As Crónicas do J-Horror: Episódio III — ‘Rasen’ (1998)

A Sequela Perdida de Ring

Em 1991, o autor japonês Koji Susuki lançou a icónica obra de terror Ring, que foi apenas a primeira instalação num complexo universo literário (e multiplamente adaptado), sendo procedido por Spiral (1995), Loop (1998), Birthday (1999), S (2012) e Tide (2013).

A primeira adaptação foi um filme para televisão em 1995, intitulado Ring: Kazenban (uma joia de que certamente irei falar no futuro), escrita por Joji Iida, o realizador e argumentista de Rasen, também conhecido como Spiral, o filme em análise neste episódio.

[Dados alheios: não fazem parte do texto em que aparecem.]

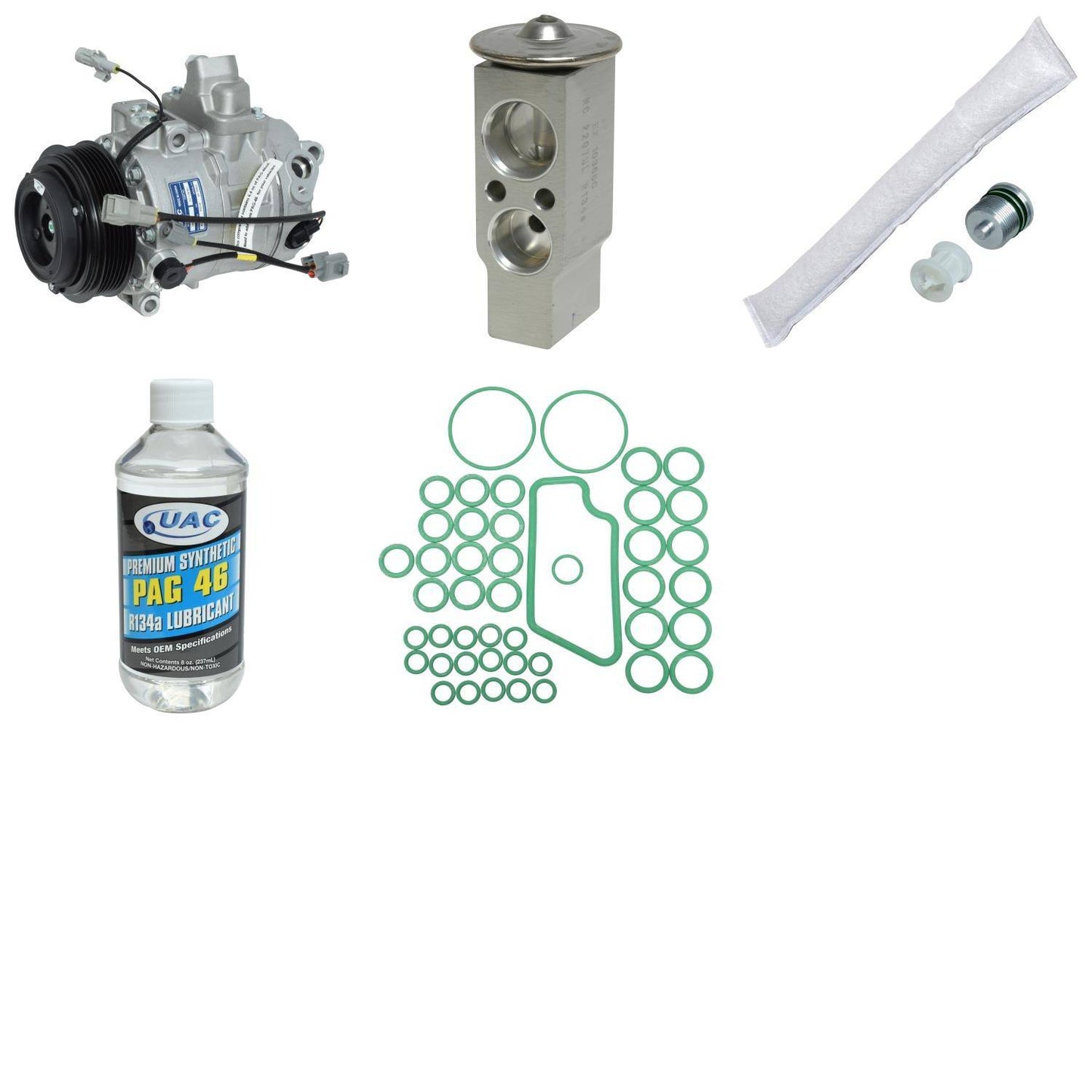 Universal Air Cond KT5375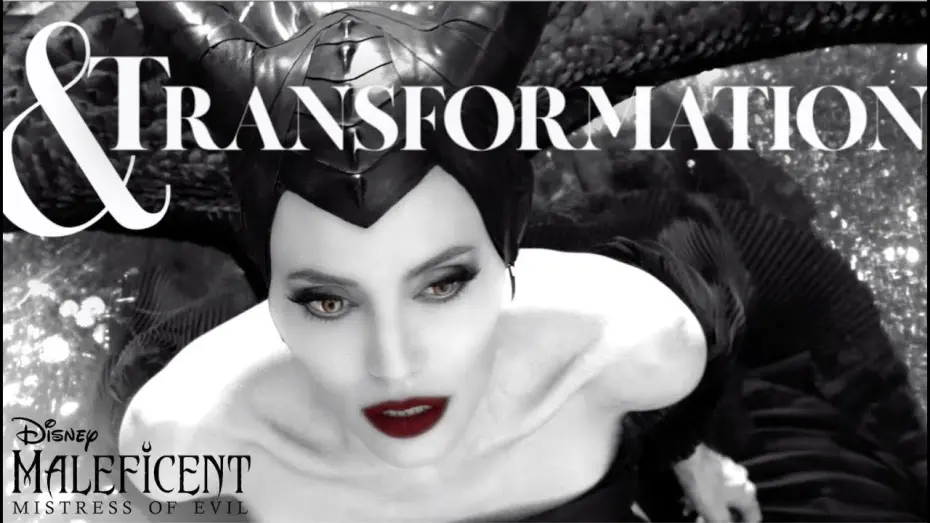 Watch film Maleficent: Mistress of Evil | "There Was A Creature"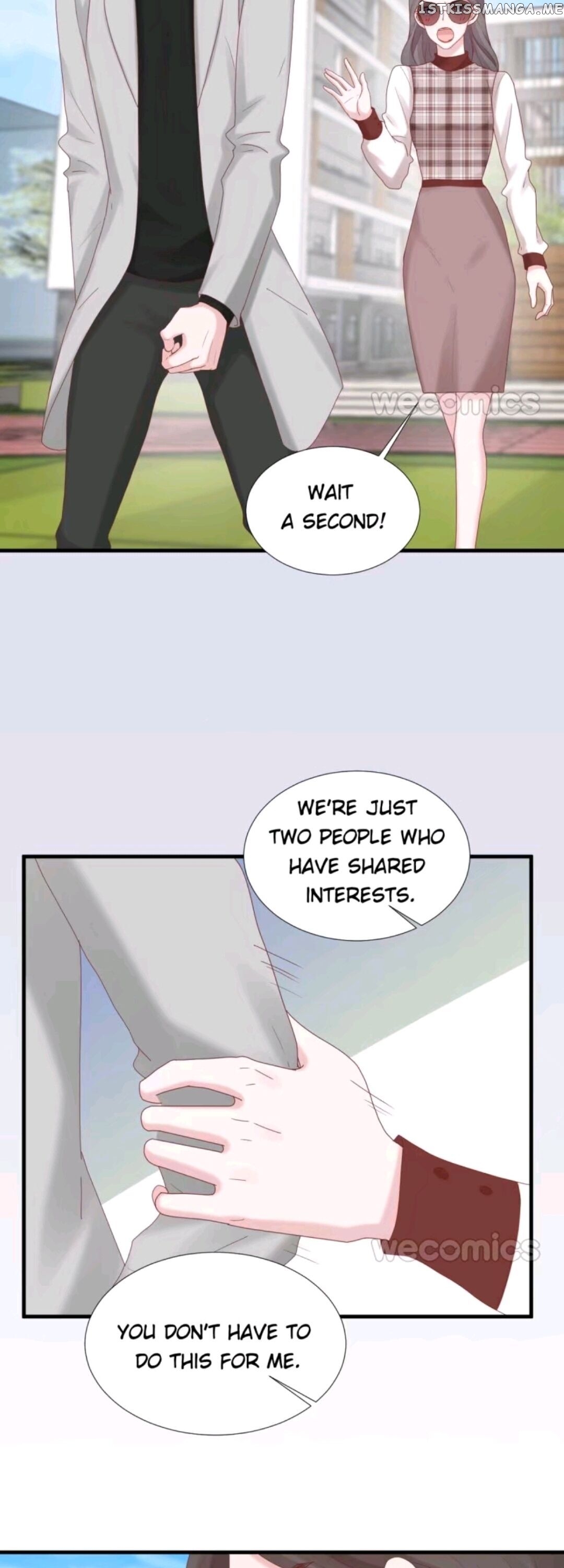 The Best Actress Returns chapter 35 - page 7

Antes de abordar a história deste filme, é importante explicar o porquê de ser tão desconhecido, ao ponto de ser chamado A Sequela Perdida de Ring.

Quando Hideo Nakata e a sua equipa iniciaram a produção de Ring, uma equipa em simultâneo, liderada por Joji Iida (Ring: Kazenban) começou a trabalhar numa sequela direta, com base na obra Spiral. O objetivo seria lançar ambos os filmes no mesmo dia, a 31 de Janeiro de 1998, para que as duas adaptações se apoiassem uma à outra, com a ambição de ampliar a campanha de marketing e lucrarem o dobro.

A ideia aqui seria os fãs assistirem a Rasen logo a seguir a Ring.

Contudo, a estratégia não resultou para a sequela. Nakata conseguiu transpor para o grande ecrã a tensão pretendida por Susuki, e apesar de, em geral, seguir o livro, ao inserir a sua própria visão da obra, com argumento de Hiroshi Takahashi, alguns pontos diferiram da história original. Joji Iida procurou construir uma sequela mais fiel ao livro, o que causou automaticamente algumas inconsistências na narrativa, e também, infelizmente, não conseguiu reproduzir a atmosfera sombria de Hideo Nakata. Com isso, foi mal recebido pela crítica e público, que para começar, dificilmente iriam ver um filme logo a seguir a outro na noite de estreia. Logo aí, o resultado de Rasen foi indesejável, e, em soma, foi tão mal recebido que um ano depois Nakata lançou a sua própria sequela, intitulada Ring 2, com o mesmo elenco, substituindo e apagando o legado de Rasen.

A partir daqui este artigo irá conter spoilers de Ring.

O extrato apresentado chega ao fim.